**Dataset records**
####################
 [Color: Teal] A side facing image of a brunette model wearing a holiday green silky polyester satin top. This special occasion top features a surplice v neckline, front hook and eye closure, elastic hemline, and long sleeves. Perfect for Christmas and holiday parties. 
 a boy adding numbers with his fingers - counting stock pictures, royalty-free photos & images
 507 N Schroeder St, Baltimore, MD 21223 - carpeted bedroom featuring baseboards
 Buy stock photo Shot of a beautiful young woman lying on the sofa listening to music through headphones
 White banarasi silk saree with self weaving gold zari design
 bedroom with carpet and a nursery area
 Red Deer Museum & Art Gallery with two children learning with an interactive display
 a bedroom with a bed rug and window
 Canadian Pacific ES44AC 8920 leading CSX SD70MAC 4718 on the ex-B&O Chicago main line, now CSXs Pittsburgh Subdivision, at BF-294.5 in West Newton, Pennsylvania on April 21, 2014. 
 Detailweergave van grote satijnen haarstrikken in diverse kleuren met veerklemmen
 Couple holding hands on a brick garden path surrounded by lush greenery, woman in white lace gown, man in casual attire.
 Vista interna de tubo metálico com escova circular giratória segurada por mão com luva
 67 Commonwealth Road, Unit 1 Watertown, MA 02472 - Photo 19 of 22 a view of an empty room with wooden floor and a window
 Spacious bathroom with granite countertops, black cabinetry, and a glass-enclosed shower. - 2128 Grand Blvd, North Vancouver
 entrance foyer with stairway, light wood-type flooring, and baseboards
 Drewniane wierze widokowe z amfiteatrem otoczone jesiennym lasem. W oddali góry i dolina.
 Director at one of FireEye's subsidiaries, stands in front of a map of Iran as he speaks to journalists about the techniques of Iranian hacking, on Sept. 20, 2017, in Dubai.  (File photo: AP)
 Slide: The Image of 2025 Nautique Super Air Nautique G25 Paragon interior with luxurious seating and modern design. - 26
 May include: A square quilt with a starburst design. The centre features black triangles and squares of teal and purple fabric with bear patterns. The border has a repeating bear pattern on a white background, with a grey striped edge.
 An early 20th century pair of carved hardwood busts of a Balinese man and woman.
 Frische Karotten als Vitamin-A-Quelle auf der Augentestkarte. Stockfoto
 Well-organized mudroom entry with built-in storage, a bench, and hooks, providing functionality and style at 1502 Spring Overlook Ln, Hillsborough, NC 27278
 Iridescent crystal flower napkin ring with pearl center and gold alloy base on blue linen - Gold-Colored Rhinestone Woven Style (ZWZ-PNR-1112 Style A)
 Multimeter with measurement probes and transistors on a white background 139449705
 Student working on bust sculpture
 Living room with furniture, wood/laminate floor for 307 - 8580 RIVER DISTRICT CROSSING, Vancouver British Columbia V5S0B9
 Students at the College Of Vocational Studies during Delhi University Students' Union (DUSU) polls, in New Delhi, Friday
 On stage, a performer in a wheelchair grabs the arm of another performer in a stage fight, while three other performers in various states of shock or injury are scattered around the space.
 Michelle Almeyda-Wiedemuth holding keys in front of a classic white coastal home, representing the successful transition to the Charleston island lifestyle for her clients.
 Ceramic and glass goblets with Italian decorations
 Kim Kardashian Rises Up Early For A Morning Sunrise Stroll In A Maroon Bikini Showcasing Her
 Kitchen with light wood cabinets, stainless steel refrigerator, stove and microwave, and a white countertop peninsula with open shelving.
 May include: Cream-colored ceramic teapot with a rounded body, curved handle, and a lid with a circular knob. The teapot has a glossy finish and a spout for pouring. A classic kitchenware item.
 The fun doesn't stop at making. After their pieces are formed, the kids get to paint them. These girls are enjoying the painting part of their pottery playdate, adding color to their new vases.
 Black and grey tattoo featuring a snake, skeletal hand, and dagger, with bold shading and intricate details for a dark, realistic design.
####################
Within the material above, extract exactly the lines that start at the line containing "Spacious bathroom with" and stop after the line containing "Well-organized mudroom entry", and only those.

**Your response**
 Spacious bathroom with granite countertops, black cabinetry, and a glass-enclosed shower. - 2128 Grand Blvd, North Vancouver
 entrance foyer with stairway, light wood-type flooring, and baseboards
 Drewniane wierze widokowe z amfiteatrem otoczone jesiennym lasem. W oddali góry i dolina.
 Director at one of FireEye's subsidiaries, stands in front of a map of Iran as he speaks to journalists about the techniques of Iranian hacking, on Sept. 20, 2017, in Dubai.  (File photo: AP)
 Slide: The Image of 2025 Nautique Super Air Nautique G25 Paragon interior with luxurious seating and modern design. - 26
 May include: A square quilt with a starburst design. The centre features black triangles and squares of teal and purple fabric with bear patterns. The border has a repeating bear pattern on a white background, with a grey striped edge.
 An early 20th century pair of carved hardwood busts of a Balinese man and woman.
 Frische Karotten als Vitamin-A-Quelle auf der Augentestkarte. Stockfoto
 Well-organized mudroom entry with built-in storage, a bench, and hooks, providing functionality and style at 1502 Spring Overlook Ln, Hillsborough, NC 27278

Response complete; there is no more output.